• [Records provided]:
########
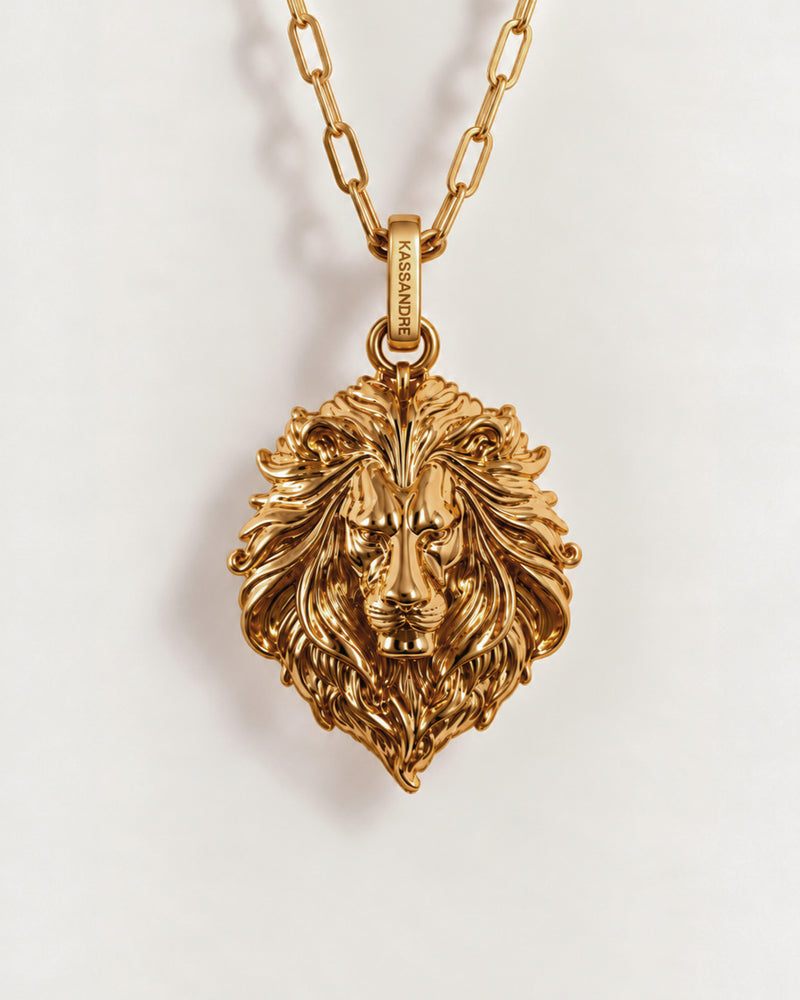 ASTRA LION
########
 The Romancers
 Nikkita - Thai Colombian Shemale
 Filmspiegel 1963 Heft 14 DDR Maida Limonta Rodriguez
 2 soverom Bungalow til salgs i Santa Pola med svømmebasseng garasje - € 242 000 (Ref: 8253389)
########
• [Directions]: Your task for the entries above: copy exactly the span starting with the line with "Nikkita - Thai Colombian Shemale" and going on through the line with "2 soverom Bungalow", both lines included, and nothing else.

• [Solution to this task]:
 Nikkita - Thai Colombian Shemale
 Filmspiegel 1963 Heft 14 DDR Maida Limonta Rodriguez
 2 soverom Bungalow til salgs i Santa Pola med svømmebasseng garasje - € 242 000 (Ref: 8253389)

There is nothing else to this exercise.